Q: What magazines have you previously been featured in?
This year I haven’t focused much on publications but from a technical point of view I wanted to take my photography to a next level. Traveling to Los Angeles was the right thing to do and I’m so happy I took that step and grateful to meet all these inspiring people. I got the chance to renew my portfolio and I’m so satisfied with the results! The only problem is that I am addicted to that city now; my goal is to move to LA! Along the way this year magazines like Tattoo Planet, Palmares Paris, Girlys Magazine and Inkstyle Magazine featured my work among others and a lot of online magazines shared my work, like Maxim mag and Social of course sharing one of my favorite series of Nathalia Castellon! I did some album covers for musicians as well and shot a music video for a metal-band.
Q: What’s one thing you think is integral to the work of an artist?
A: I think the continuous drive of getting better. Trying to find new approaches, new ideas, being creative. Thinking out of the box is definitely integral to the work of an artist.
Q: What role does the artist (like yourself) have in society?
A: I don’t want to overestimate the role of a photographer in society.
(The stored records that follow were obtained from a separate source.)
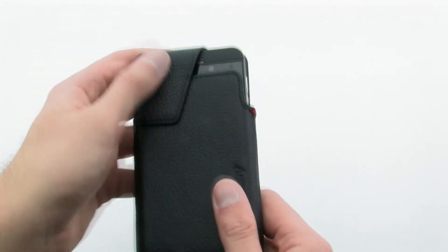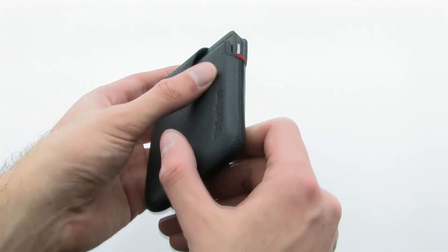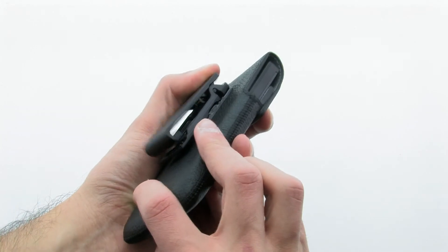The case features a thin design with a magnetic clip to ensure easy and complete access to your phone on the go. The BlackBerry Leather Holster for the BlackBerry Z10.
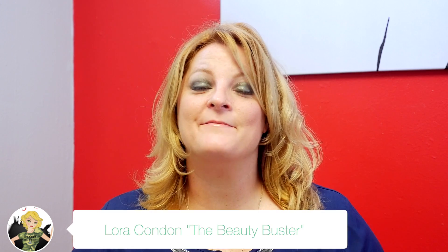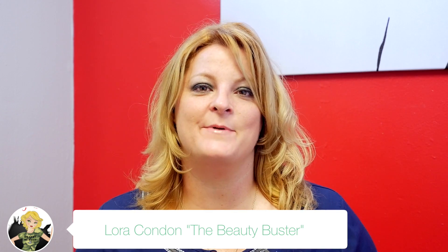Hi, I'm Laura the Beauty Buster and I've been getting lots of questions from everyone about what to do with my skin in the winter. So I'm here to tell you about the six most important things you can do to take care of your skin in the winter.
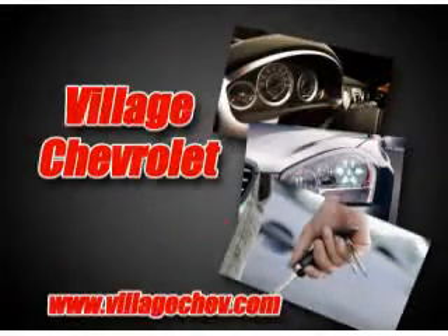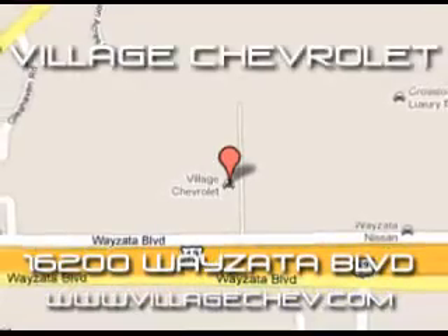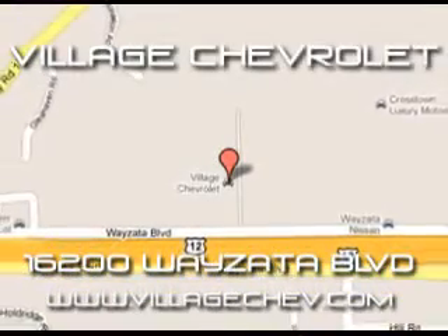At Villa Chevrolet, it is our goal to provide you with an excellent purchase and ownership experience. Imagine driving this Summit White 2012 Chevrolet Cruze LTZ, equipped with a 4-cylinder engine and an automatic transmission.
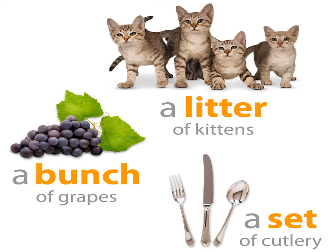A group of kittens is known as a litter. A group of grapes is known as a bunch. A group of cutlery is known as a set. Therefore, these are some examples of collective nouns.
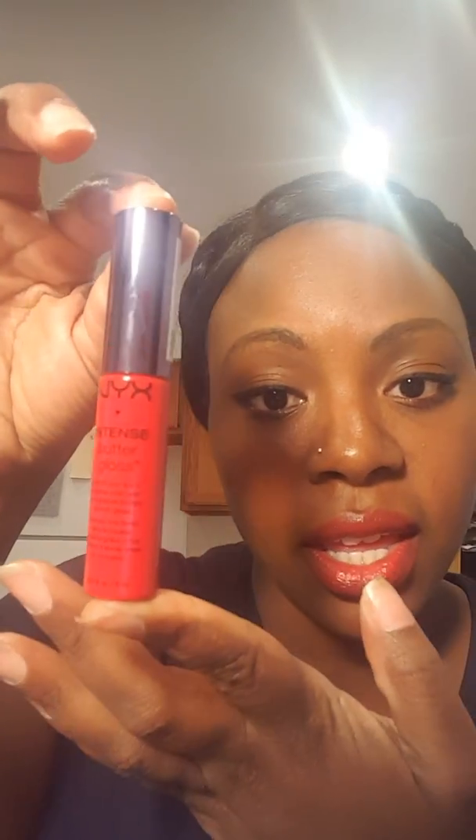The next thing I got — I had previously gotten a NYX Butter Gloss in a deep burgundy color that I showed you guys in a previous video. So they have other butter glosses and lipsticks in their line of butter lip care products. The one I have here is the NYX Intense Butter Gloss in the color Cherry Custard. This is what I have on right now. And it looks really red on camera, and it is.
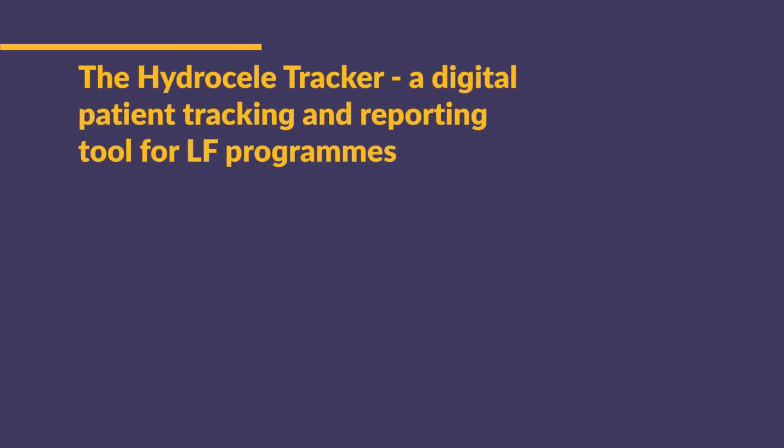The HydroSeal Tracker — a digital patient tracking and reporting tool for LF programs. My name is Kristen Wosso, from Sight Savers.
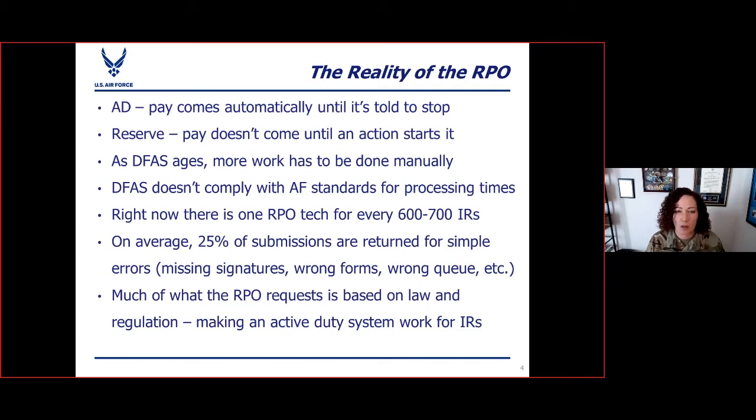If the RPO comes back and asks you for additional documentation, keep in mind they're not asking for that additional information for the fun of it. They are held to a very high standard as far as law and regulation that determines everything they do to make sure that government money is being spent correctly. And they're also trying to make an active duty system work for individual reservists.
To the majority of society seeing pictures in magazines, billboards and advertisements is just a given fact. I don’t think photographers can change people’s lives but if we can enrich them a bit by giving people something to think about, or a smile, or a tear, even if it’s for a brief moment, I think that’s worth the trouble. You know, we work for hours on a picture and people scroll and look at it for 2 seconds. It’s the feeling that you can give someone in those 2 seconds that counts.
Q: Have avenues like social media enhanced your creativity?
A: Honestly, I don’t know what my life would look like without Social Media, Instagram in particular. I have so many people finding me on Instagram and sending me messages, it’s just a great platform for business. It also helps me keeping up to date with trends and following my own idols. It surely has enhanced my creativity and scrolling through all these pictures (for hours!) really motivates me. I get jealous too ha-ha! There are some amazing photographers out there.
Q: Do you find that fashion photography has become more competitive in 2014?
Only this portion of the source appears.